» WHAT YOU ARE ASKED TO DO:
Please return every line of the material verbatim and skip any images.

» GIVEN INFORMATION:
------------------------

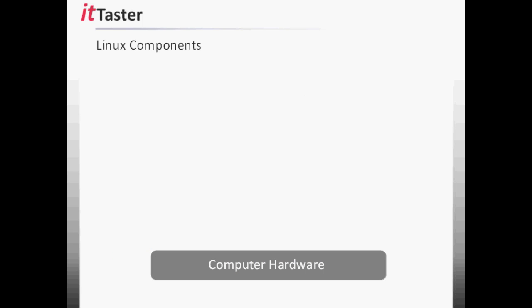Let's now take a look at the components that make up a Linux operating system. The first component is the bootloader. This is a small piece of software that starts after the computer has completed its power-on self-test. The bootloader is responsible for loading something called the Linux kernel. A popular and widely used bootloader is Grub.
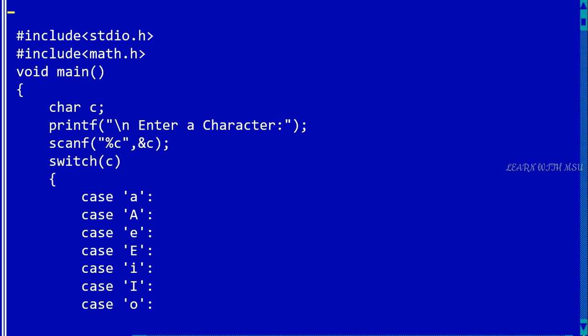Here we are using a trick, which means that we are not using any break statement. What will happen is, suppose if the user enters capital A or small 'a', then this case will be executed.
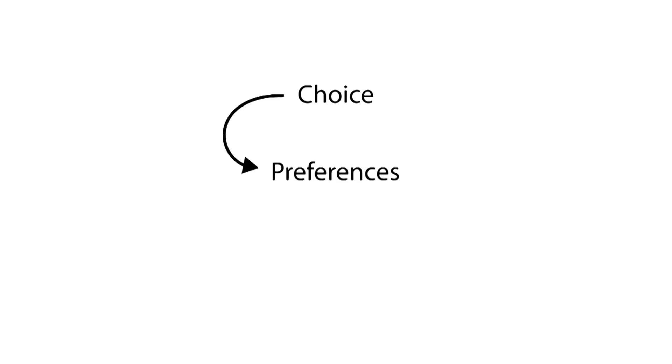The foundation for economics is rationality. In order to choose, you must have a set of preferences over the options you are presented with. These preferences must fulfill a set of criteria in order to fulfill the necessary requirements of being classed as rational.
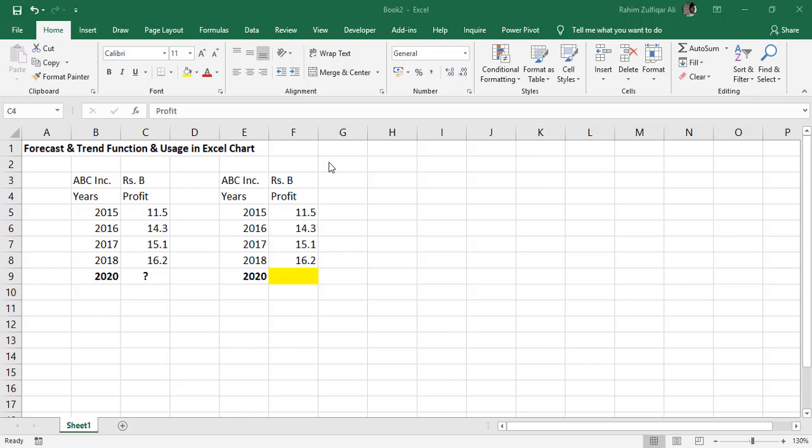Hi, this is Raheem Julfa Kareli from Excel Basement and in this video we will be learning about two statistical functions.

------------------------

» EXPECTED OUTPUT:
Let's now take a look at the components that make up a Linux operating system. The first component is the bootloader. This is a small piece of software that starts after the computer has completed its power-on self-test. The bootloader is responsible for loading something called the Linux kernel. A popular and widely used bootloader is Grub.
Here we are using a trick, which means that we are not using any break statement. What will happen is, suppose if the user enters capital A or small 'a', then this case will be executed.
The foundation for economics is rationality. In order to choose, you must have a set of preferences over the options you are presented with. These preferences must fulfill a set of criteria in order to fulfill the necessary requirements of being classed as rational.
Hi, this is Raheem Julfa Kareli from Excel Basement and in this video we will be learning about two statistical functions.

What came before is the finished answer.